Physical AI systems are the next evolution in the AI journey (Source: Cadence)
Michael also noted that if you look at what the folks in Aerospace and Defense are doing with their edge AI, it’s fundamentally targeted at their autonomous vehicles, autonomous drones, and autonomous robotic systems, but they have some unique requirements for their physical AI, which is why Aerospace and Defense are typically assigned their own niche in the scheme of things.
As an aside, the phrase “physical AI systems” is relatively new and still emerging, rather than long-established or universally standardized. In fact, it wasn’t widely used in mainstream engineering or AI literature prior to the early-to-mid 2020s. Usage has grown quickly in the last few years, especially in discussions about robotics and autonomous machines, embodied AI and edge AI, and AI that senses, decides, and acts in the real world, not just in software.

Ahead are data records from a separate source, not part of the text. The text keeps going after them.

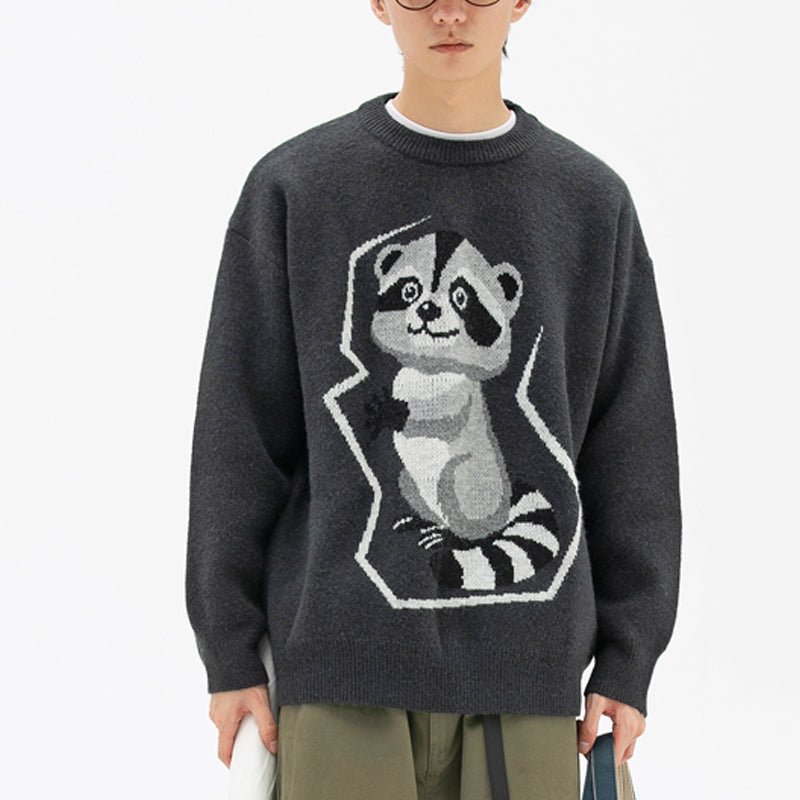 Jacquard Sweater Brown Bear 新杭派B312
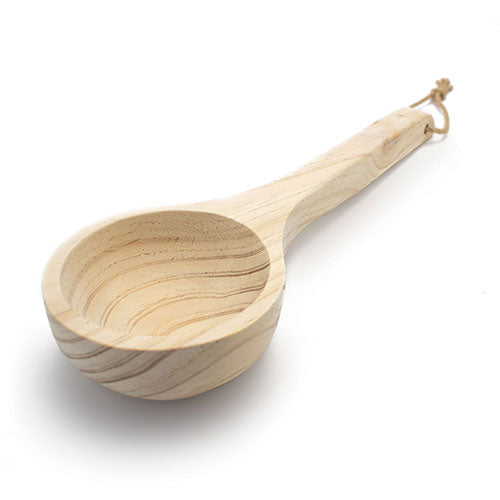 PROSAUNAS Sauna Ladle, 100mL, Pine Wood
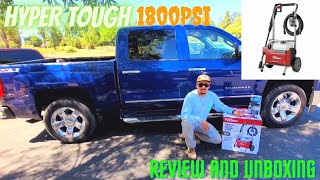 HYPER TOUGH PRESSURE WASHER 1800PSI REVIEW AND UNBOXING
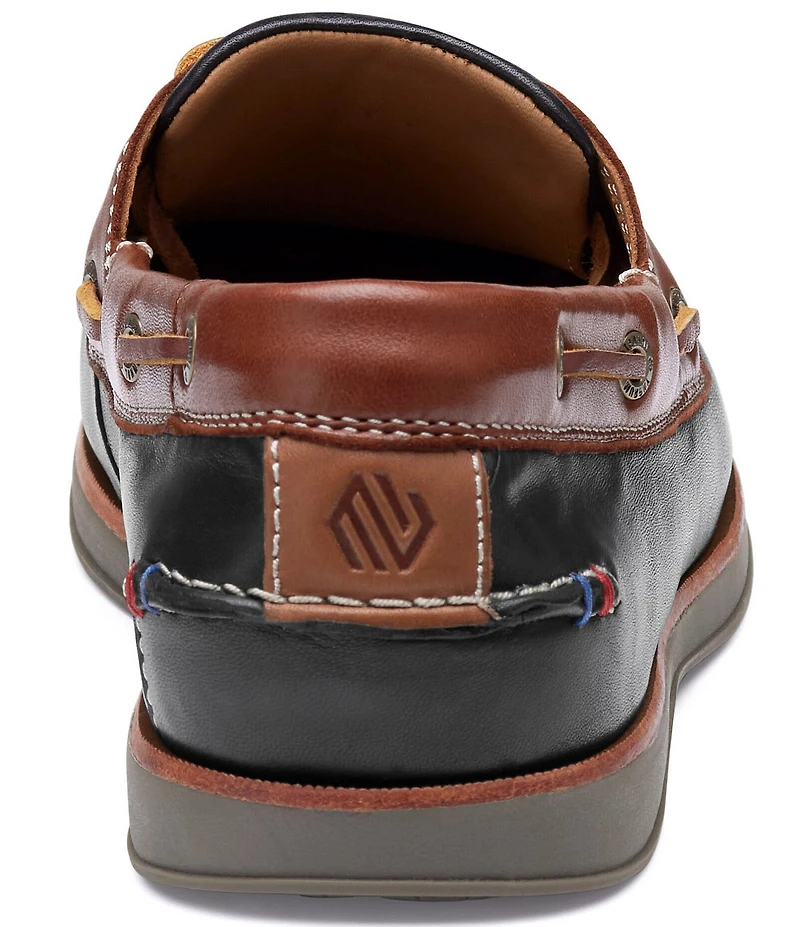 Johnston & Murphy Men's Monaco Leather 2-Eye Boat Shoes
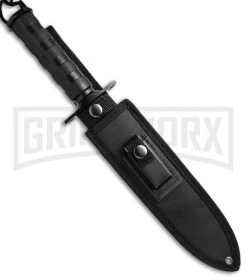 Boker Magnum 02MB935 Survivalist Fixed Blade - Black Plain -Knives Sale Online Shop Boker Magnum Survivalist Black 02MB935 BHQ 49549 jr sheath large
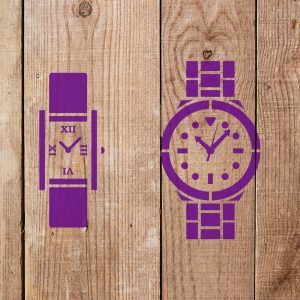 Watches Stencil - Art and Wall Stencil - Image 3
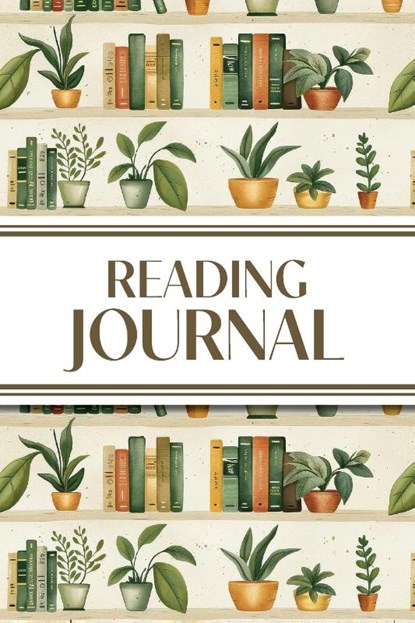 Reading Journal (Bookshelves with Greenery), Revive Stationery - Paperback - 9781834120287
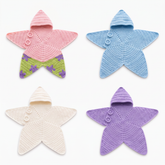 Star Nest Crochet Baby Wrap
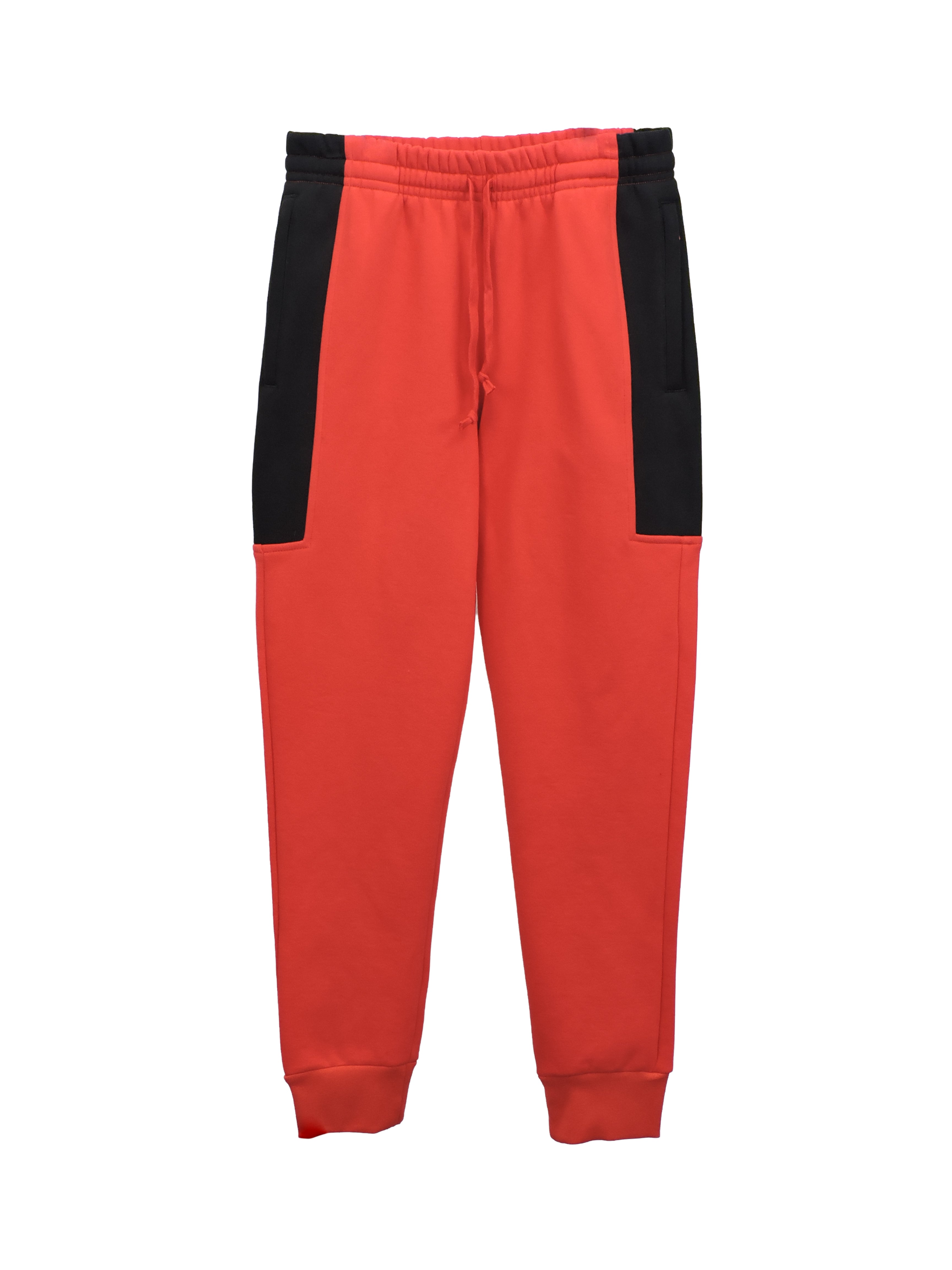 Creative Thoughts™  | Block Joggers - Red Heavy Fleece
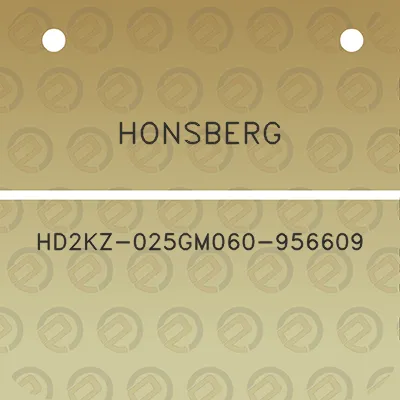 honsberg-hd2kz-025gm060-956609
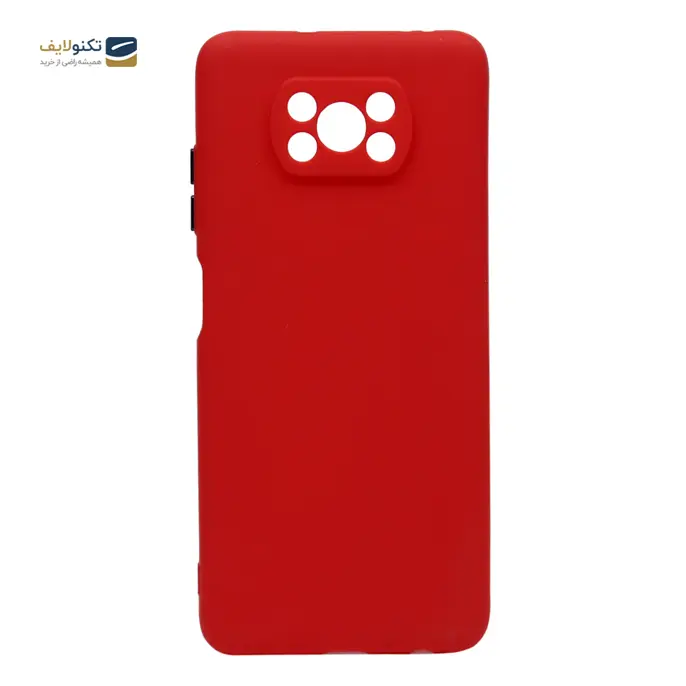کاور سیلیکونی محافظ لنزدار مناسب برای گوشی موبایل شیائومی Poco X3 NFC/ Poco X3 Pro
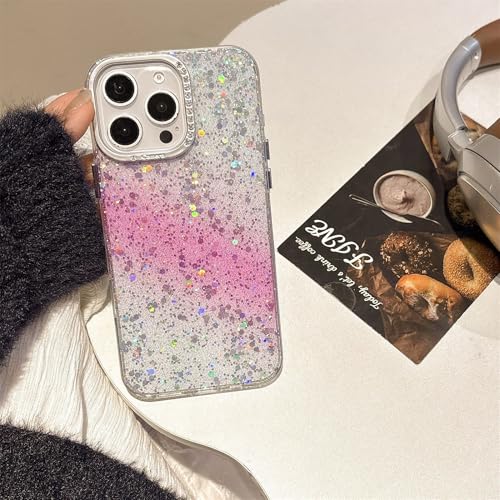 Ykerey Glitzer Hülle für iPhone 16 Plus Handyhülle Glitter Stoßfest Durchsichtig Schutzhülle für Frauen und Mädchen Transparent PC Bumper Case für iPhone 16 Plus, Rosa Ykerey Glitzer Hülle für iPhone 16 Plus Handyhülle Glitter Stoßfest Durchsichtig Schutzhülle für Frauen und Mädchen Transparent PC Bumper Case für iPhone 16 Plus, Rosa von Ykerey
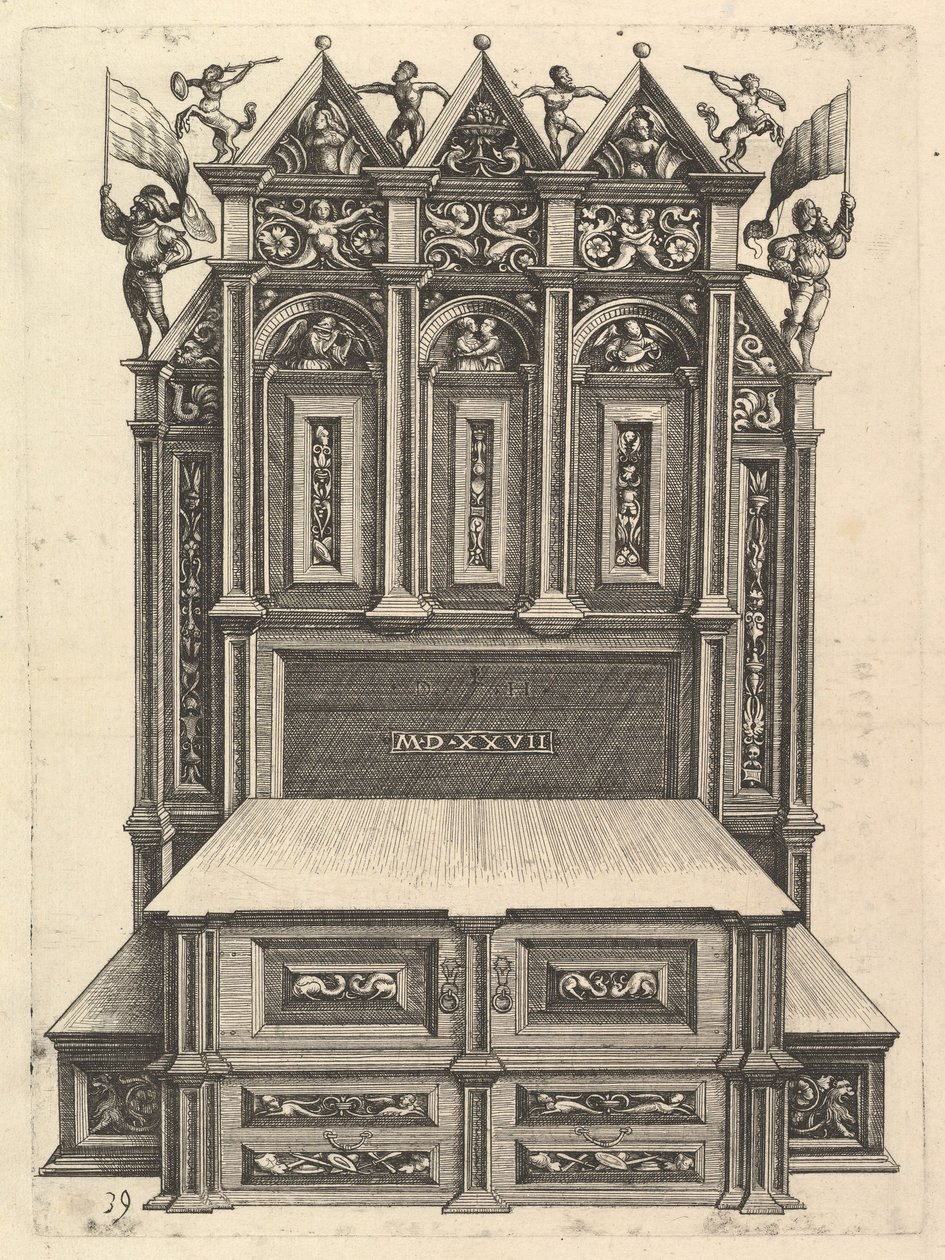 Conception pour un lit, 1527 - Daniel Hopfer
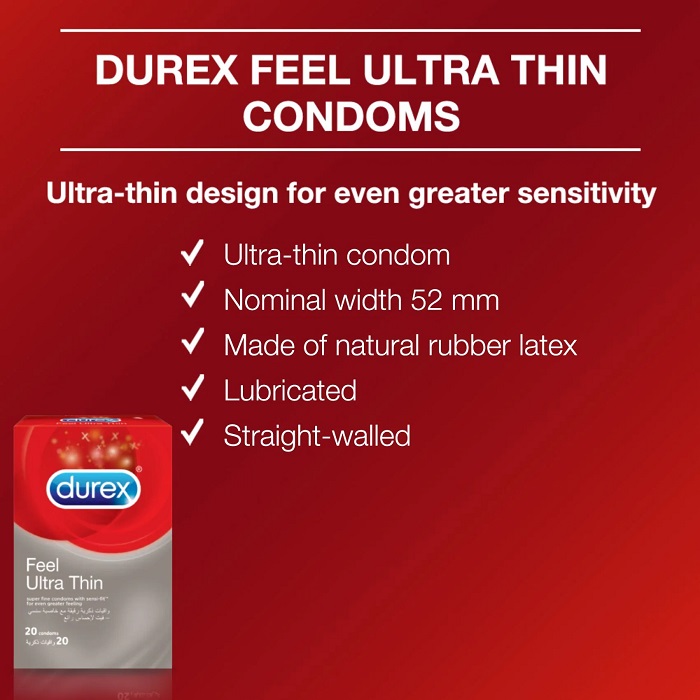 DUREX FEEL ULTRA THIN 20 S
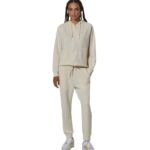 Body Action Modal Joggers Salt Ecru Γυναικείο Παντελόνι Εκρού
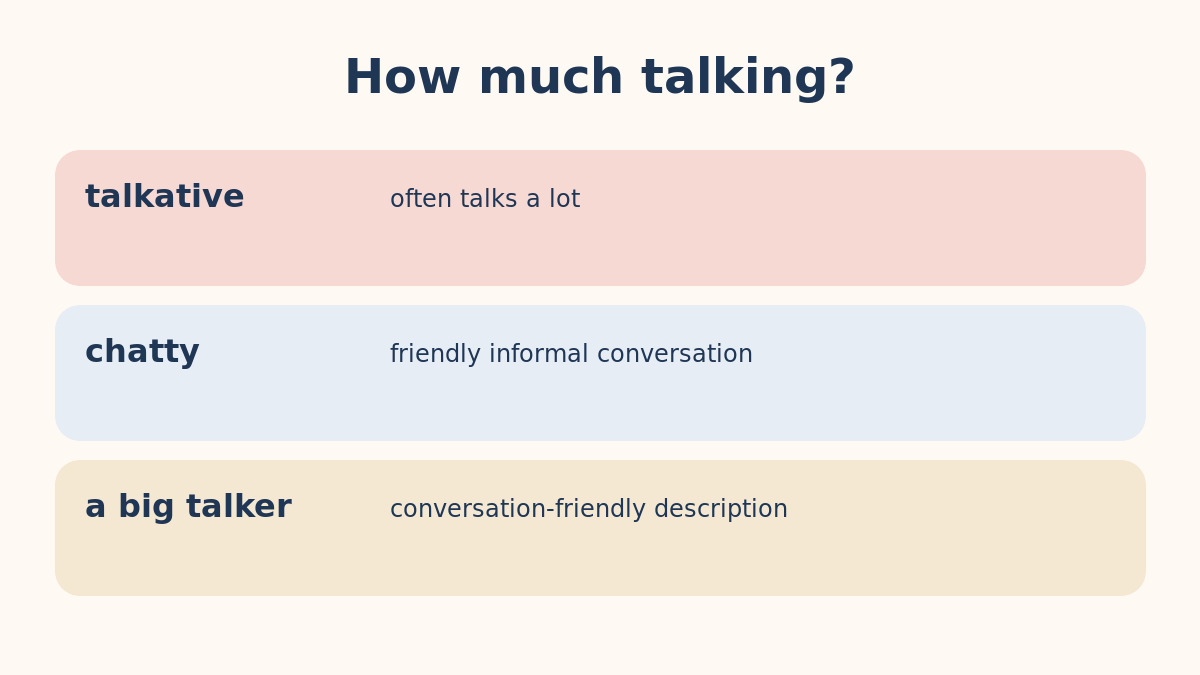 「おしゃべり」は英語で？talkative・chatty・a big talkerの違い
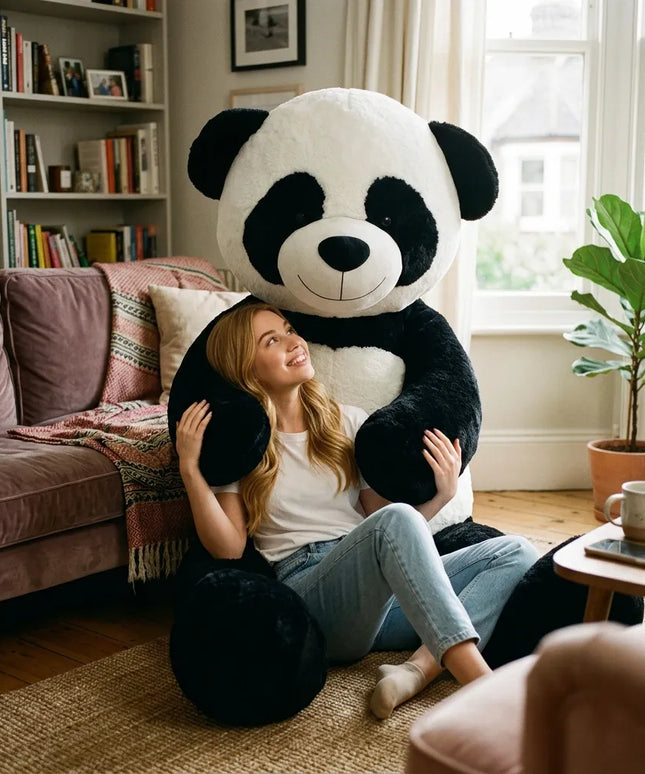 DIDELIS PLIUŠINIS PANDA MEŠKIUKAS 220 cm – MILŽINIŠKAS ŽAISLAS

Since Michael and I have both been around for a long time, we discussed how the current excitement over the term “multi-die” can be confusing for older engineers, since they’ve “been there, done that, and seen it all before.” On the off chance you’re interested:
- Multiple silicon dies mounted on a single ceramic substrate interconnected with thin-film metallization and wire bonds began to appear in the mid-1960s.
- Hybrid microelectronics matured (thick-film and thin-film on ceramic) in the 1970s, leading military, aerospace, and high-reliability computing to widely adopt multi-die ceramic hybrids.
- The formal term multi-chip module (MCM) gained traction in the 1980s, with high- end computers and defense electronics adopting MCM-C (ceramic) and MCM-D (thin-film-deposited dielectric) technologies.
- From the 1990s onwards, commercial high-performance processors and memory subsystems increasingly used ceramic MCMs, and this lineage leads directly to today’s chiplet and advanced packaging technologies.
The bottom line is that MCMs have been around for many years and are now powering infrastructure, data centers, AI, and high-performance computing (HPC). So, what’s the difference between a multi-die device like an MCM and a chiplet-based design, which is also somewhat confusingly known as a multi-die system?
In a crunchy nutshell, until recently, modern multi-die devices have almost invariably been created by behemoth companies that control every aspect of the design and packaging process, including the development of their own proprietary die-to-die communication interfaces (electrical and protocol).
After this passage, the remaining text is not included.